Trump’s Response to the Death of George FloydOn Monday, in response to riots across the United States that were sparked by the death of a black man, George Floyd, while a police officer knelt on him, President Trump announced that he would use the U.S. military to stop the riots. 

Washington, D.C.’s  Metropolitan Police Department fired smoke devices outside of the White House to push protestors back, as Trump told reporters and others present in the Rose Garden that he is, “Mobilizing all available federal resources, civilian and military, to stop the rioting and looting, to end the destruction and arson and to protect the rights of law-abiding Americans, including your Second Amendment rights.” 

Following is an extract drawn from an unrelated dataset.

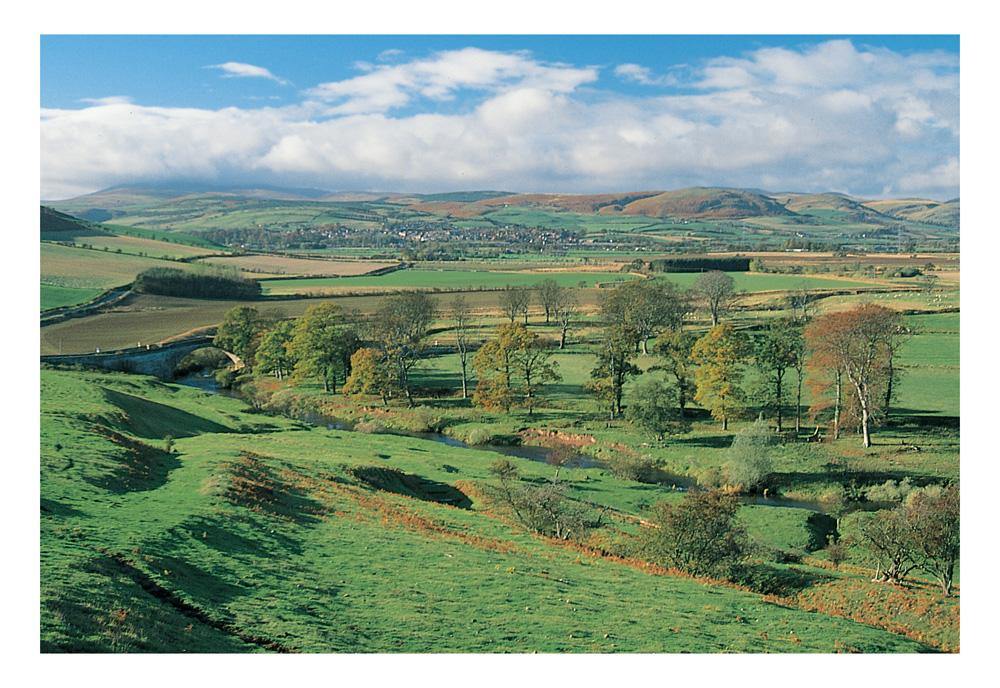 Wooler and Cheviots postcard | Great Stuff from Cardtoons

He urged governors to deploy the National Guard in numbers so that they “dominate the streets,” and went on to say, “If a city or state refuses to take the actions necessary to defend the life and property of their residents, then I will deploy the United States military and quickly solve the problem for them,” and referred to himself as “your president of law and order and an ally of peaceful protestors.” 

For a president to do this without the request of a state’s governor, whose general right is to have the authority to maintain order within state borders, the president needs to formally invoke a group of statutes known as the Insurrection Act. In law, the principle of this act is reflected in a law called the Posse Comitatus Act, and it makes a general prohibition on the military from participating in domestic law enforcement.

Only during times when domestic insurrection hinders the normal enforcement of U.S. law is the president allowed to invoke the Insurrection Act.

The Insurrection Act has been put into action dozens of times since it was made into law in the early 1800s but it has only been used once since the civil rights movement in the 1960s. This was in 1992 when the acquittal of four white Los Angeles police officers for the beating of a black motorist, Rodney King, led to mass rioting and looting in L.A. and other cities across the United States. 

President Trump has yet to formally invoke this act and send federal troops to a state that feels they are unnecessary but historically, courts have been reluctant to second-guess a president’s military declarations.